LOPAKHINE (il se montre à la porte et pousse un meuglement)
Mê-ê-ê…
(Il disparaît.)

VARIA (la voix pleine de larmes)
Qu'est-ce que je lui aurais bien passé…
(Elle le menace du poing.)

ANIA (étreignant VARIA, tout bas)
Varia… T'a-t-il fait une proposition de mariage? (VARIA fait un signe négatif de la tête.)
Mais il t'aime, voyons… Pourquoi ne pas vous expliquer, qu'attendez-vous ?

VARIA
Je crois bien que toute cette histoire n'aboutira à rien. Il est très occupé, il a autre chose en tête… il ne fait même pas attention à moi, autant en finir, il m'est pénible de le voir… Tout le monde parle de notre mariage, tout le monde me félicite, mais il n'y a rien au fond, tout cela est aussi irréel qu'un songe… (Sur un autre ton.)
La jolie broche que tu as ! Une abeille ?

ANIA (triste)
C'est maman qui me l'a achetée. (Elle disparaît dans sa chambre; d'une voix joyeuse, enfantine.)
J'ai fait une ascension en ballon à Paris !

VARIA
Te voilà donc rentrée, ma chérie ! Te revoilà enfin, ma belle !
(Douniacha revient avec une cafetière et fait le café.)

VARIA (arrêtée près de la porte)
Toute la journée, ma chérie, je trotte dans la maison et je n'ai qu'une pensée en tête : te voir mariée à un homme riche. Je serais tranquille alors et je partirais en pèlerinage visiter les monastères, j'irais à Kiev… à Moscou, et je marcherais sans trêve, de lieu saint en lieu saint… Et je marcherais, je marcherais sans fin. Je vivrais des heures d'une splendeur divine !

ANIA
J'entends les oiseaux dans le jardin. Quelle heure est-il ?

VARIA
Deux heures passées, sans doute. Il est temps de te coucher, ma chérie. (Elle entre dans la chambre d'ANIA)
… D'une splendeur divine !
(Entre Iacha avec une couverture et un sac de voyage.)
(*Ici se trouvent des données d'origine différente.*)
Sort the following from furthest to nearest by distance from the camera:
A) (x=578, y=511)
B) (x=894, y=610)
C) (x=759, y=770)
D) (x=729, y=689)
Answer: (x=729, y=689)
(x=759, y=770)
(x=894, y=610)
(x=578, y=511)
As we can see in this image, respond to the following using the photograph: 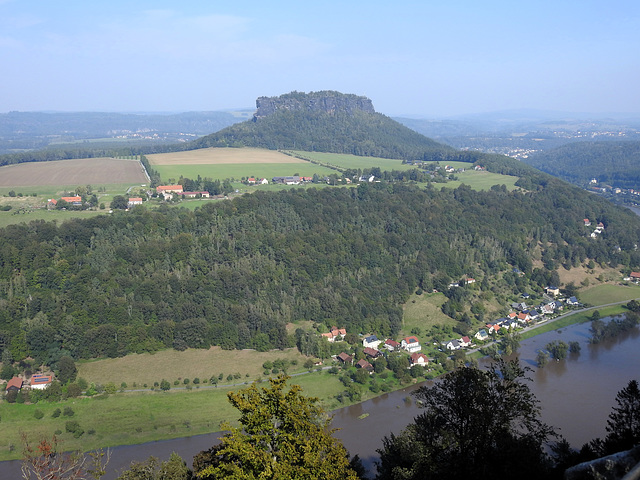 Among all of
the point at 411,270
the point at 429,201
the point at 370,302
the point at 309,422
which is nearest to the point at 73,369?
the point at 370,302

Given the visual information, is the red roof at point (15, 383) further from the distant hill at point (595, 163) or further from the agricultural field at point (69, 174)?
the distant hill at point (595, 163)

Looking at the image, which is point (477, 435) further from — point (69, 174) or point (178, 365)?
point (69, 174)

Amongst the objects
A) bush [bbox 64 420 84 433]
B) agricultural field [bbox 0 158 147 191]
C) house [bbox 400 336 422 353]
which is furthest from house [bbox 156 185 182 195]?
bush [bbox 64 420 84 433]

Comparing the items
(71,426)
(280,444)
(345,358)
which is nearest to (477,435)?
(280,444)

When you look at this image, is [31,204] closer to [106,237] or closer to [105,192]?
[105,192]

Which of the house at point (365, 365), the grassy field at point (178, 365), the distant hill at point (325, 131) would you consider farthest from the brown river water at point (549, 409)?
the distant hill at point (325, 131) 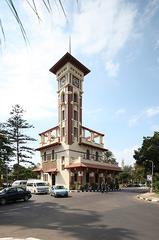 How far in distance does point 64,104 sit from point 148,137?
18.2m

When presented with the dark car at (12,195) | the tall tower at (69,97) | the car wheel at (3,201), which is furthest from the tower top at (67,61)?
the car wheel at (3,201)

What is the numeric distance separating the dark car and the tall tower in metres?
25.4

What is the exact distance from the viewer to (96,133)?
218 ft

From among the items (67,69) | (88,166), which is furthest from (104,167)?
(67,69)

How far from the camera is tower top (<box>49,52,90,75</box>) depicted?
198 ft

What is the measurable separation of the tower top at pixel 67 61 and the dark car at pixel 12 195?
3126 centimetres

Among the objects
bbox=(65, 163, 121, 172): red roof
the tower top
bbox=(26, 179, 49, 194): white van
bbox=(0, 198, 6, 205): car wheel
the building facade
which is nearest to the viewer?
bbox=(0, 198, 6, 205): car wheel

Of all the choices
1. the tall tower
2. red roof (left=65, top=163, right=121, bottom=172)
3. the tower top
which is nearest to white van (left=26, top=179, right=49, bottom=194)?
red roof (left=65, top=163, right=121, bottom=172)

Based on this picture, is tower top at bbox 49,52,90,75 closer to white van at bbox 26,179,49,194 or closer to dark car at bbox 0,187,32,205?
white van at bbox 26,179,49,194

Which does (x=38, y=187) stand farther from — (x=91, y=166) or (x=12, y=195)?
(x=12, y=195)

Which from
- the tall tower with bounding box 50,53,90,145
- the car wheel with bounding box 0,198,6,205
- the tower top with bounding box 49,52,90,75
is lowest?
the car wheel with bounding box 0,198,6,205

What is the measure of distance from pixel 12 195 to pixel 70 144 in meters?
26.7

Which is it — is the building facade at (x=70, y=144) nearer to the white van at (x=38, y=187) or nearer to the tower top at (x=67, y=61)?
the tower top at (x=67, y=61)

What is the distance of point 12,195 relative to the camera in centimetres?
3244
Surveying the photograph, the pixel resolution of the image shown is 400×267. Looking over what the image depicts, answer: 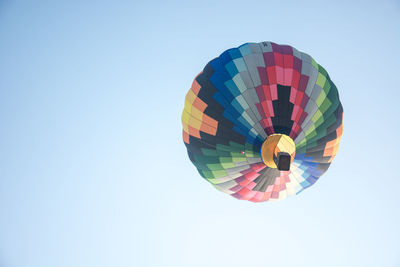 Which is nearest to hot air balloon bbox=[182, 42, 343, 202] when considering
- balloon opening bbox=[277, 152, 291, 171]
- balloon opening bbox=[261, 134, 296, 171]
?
balloon opening bbox=[261, 134, 296, 171]

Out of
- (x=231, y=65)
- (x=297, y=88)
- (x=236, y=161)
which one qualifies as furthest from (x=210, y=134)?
(x=297, y=88)

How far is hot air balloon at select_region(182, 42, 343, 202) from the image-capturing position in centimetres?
751

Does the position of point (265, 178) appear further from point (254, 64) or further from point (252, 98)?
point (254, 64)

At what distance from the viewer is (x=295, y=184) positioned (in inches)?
335

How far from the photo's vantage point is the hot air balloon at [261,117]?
7.51 meters

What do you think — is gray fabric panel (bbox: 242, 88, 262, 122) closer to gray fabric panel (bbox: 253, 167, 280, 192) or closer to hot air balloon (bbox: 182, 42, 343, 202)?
hot air balloon (bbox: 182, 42, 343, 202)

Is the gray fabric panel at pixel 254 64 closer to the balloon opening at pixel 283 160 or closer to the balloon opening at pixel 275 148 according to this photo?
the balloon opening at pixel 275 148

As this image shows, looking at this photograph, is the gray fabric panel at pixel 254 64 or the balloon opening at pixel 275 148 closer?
the balloon opening at pixel 275 148

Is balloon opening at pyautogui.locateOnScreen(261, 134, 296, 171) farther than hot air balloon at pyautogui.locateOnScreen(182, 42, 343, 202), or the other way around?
hot air balloon at pyautogui.locateOnScreen(182, 42, 343, 202)

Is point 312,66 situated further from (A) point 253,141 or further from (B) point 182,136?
(B) point 182,136

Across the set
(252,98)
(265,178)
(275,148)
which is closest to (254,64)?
(252,98)

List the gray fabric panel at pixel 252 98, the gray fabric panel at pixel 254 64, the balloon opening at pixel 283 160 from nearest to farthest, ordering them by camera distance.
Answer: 1. the balloon opening at pixel 283 160
2. the gray fabric panel at pixel 252 98
3. the gray fabric panel at pixel 254 64

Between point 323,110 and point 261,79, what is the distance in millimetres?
1652

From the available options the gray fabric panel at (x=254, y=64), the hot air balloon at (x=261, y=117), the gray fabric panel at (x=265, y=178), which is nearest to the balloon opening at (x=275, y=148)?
the hot air balloon at (x=261, y=117) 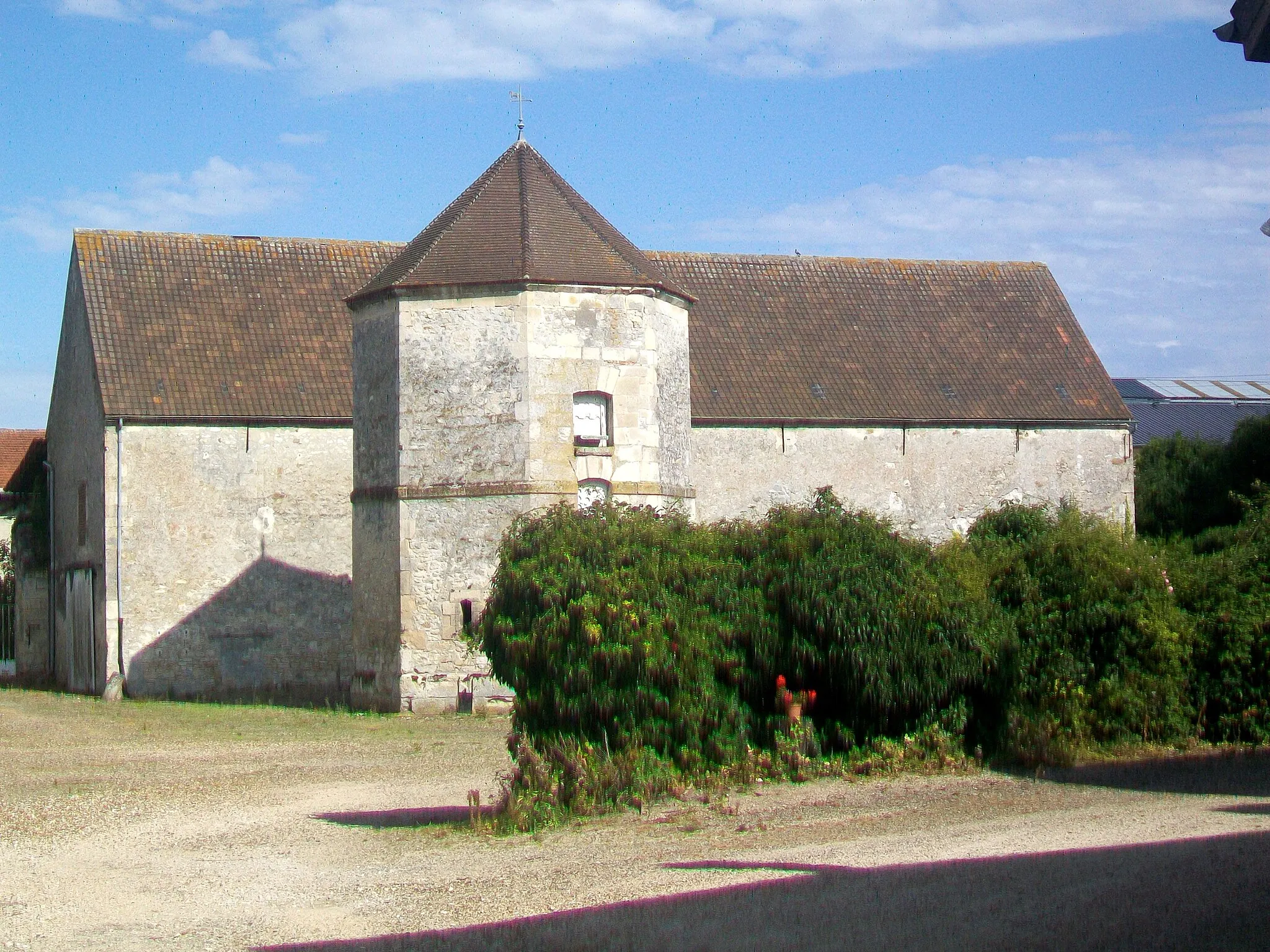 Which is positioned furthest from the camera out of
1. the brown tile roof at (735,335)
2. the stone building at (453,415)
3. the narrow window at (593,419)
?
the brown tile roof at (735,335)

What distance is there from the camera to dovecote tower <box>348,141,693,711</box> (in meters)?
19.2

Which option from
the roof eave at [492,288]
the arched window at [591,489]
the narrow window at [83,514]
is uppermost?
the roof eave at [492,288]

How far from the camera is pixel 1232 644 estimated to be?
1211 cm

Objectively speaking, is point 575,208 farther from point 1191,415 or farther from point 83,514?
point 1191,415

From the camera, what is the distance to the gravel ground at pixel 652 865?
6.90 m

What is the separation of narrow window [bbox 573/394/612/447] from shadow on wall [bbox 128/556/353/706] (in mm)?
6458

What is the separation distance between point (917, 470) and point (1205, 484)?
795cm

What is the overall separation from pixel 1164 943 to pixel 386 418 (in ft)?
49.4

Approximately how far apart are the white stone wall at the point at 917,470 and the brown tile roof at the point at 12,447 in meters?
19.4

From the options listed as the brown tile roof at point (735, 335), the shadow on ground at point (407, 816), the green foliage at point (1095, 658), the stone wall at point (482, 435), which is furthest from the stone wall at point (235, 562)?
the green foliage at point (1095, 658)

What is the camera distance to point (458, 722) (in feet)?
60.4

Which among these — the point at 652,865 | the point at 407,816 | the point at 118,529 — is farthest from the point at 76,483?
the point at 652,865

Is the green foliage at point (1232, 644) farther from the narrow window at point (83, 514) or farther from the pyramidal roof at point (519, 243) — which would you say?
the narrow window at point (83, 514)

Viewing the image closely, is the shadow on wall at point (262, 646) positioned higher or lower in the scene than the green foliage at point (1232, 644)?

IACHA (traverse la scène en minaudant)
Peut-on passer par ici ?

DOUNIACHA
Vous êtes devenu méconnaissable, Iacha, vous avez bien changé à l'étranger.

IACHA
Hum… Et vous, qui êtes-vous ?

DOUNIACHA
Quand vous êtes parti je n 'étais pas plus haute que ça… (Elle montre de la main la taille qu'elle avait alors.)
Je suis Douniacha, la fille de Féodor Kozoïédov. Vous ne vous rappelez pas ?

IACHA
Hum… Mon p'tit chou !
(Il jette un regard circulaire et la prend dans ses bras, elle pousse un cri et laisse tomber une soucoupe; IACHA sort précipitamment.)
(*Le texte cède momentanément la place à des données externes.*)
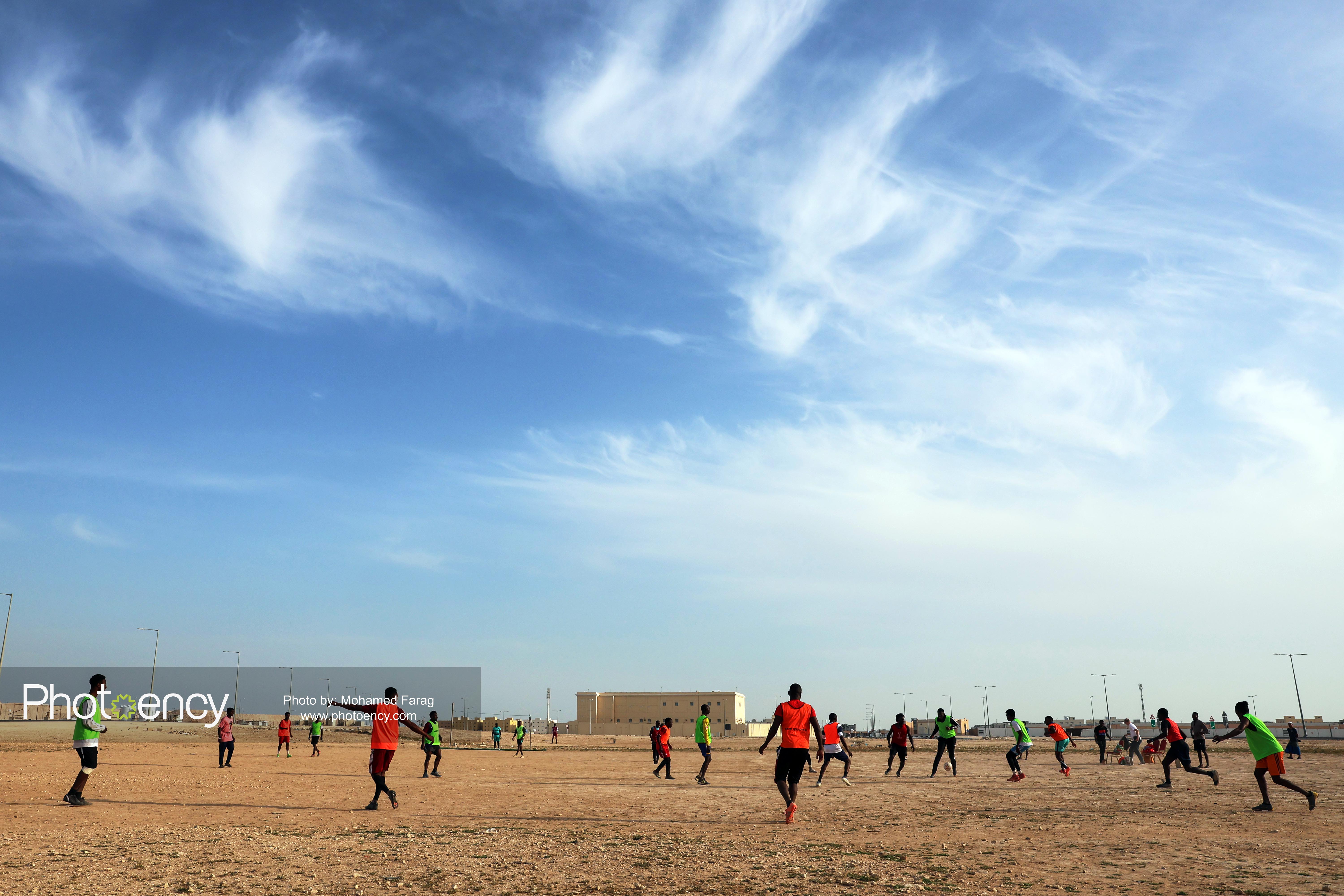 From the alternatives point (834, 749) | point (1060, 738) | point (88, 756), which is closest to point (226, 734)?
point (88, 756)

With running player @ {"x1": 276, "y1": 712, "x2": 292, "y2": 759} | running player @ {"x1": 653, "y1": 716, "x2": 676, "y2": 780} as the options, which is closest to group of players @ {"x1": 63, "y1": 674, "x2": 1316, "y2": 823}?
running player @ {"x1": 653, "y1": 716, "x2": 676, "y2": 780}

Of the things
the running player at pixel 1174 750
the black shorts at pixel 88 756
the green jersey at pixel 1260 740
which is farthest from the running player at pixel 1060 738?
the black shorts at pixel 88 756

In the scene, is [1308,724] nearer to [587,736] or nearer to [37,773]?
[587,736]

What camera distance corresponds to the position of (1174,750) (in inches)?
757

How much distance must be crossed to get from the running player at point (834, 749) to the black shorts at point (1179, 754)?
674 centimetres

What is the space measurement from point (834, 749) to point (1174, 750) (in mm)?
7189

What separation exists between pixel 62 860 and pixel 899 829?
9.85 m

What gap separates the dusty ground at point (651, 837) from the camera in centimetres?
823

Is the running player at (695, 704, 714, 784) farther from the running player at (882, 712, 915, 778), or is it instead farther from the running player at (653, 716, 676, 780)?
the running player at (882, 712, 915, 778)

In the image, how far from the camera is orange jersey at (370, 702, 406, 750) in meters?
14.1

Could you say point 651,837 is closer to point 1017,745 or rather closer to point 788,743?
point 788,743

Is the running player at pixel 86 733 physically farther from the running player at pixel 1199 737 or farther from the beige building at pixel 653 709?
the beige building at pixel 653 709

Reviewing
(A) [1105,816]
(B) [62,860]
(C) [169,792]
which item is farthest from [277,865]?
(A) [1105,816]

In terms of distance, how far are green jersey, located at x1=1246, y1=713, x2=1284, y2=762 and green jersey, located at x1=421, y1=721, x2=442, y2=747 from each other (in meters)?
17.3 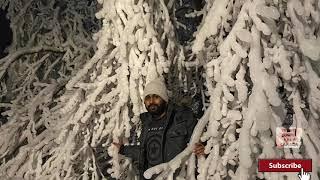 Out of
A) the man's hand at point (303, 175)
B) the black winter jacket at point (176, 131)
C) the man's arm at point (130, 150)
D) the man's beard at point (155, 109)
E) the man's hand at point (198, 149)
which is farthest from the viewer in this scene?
the man's arm at point (130, 150)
VARIA (sur le pas de la porte, d'un ton mécontent)
Qu'est-ce qui se passe encore ?

DOUNIACHA (retenant ses larmes)
J 'ai cassé une soucoupe…

VARIA
Ça porte bonheur.

ANIA (sortant de sa chambre)
Il aurait fallu prévenir maman que Pétia est ici…

VARIA
J'ai donné l'ordre de le laisser dormir…

ANIA (rêveuse)
Il y a six ans, un mois après la mort de père, mon petit frère Gricha, un beau petit garçon de sept ans, se noyait dans la rivière. Maman n'a pu supporter cette double perte, elle est partie, partie pour ne plus revenir… (Elle frissonne.)
Si elle savait comme je la comprends !(Un temps.)
Pétia Trofimov était le précepteur de Gricha, sa vue peut réveiller une vieille douleur…
(Entre FIRSS; il est en veston et en gilet blanc.)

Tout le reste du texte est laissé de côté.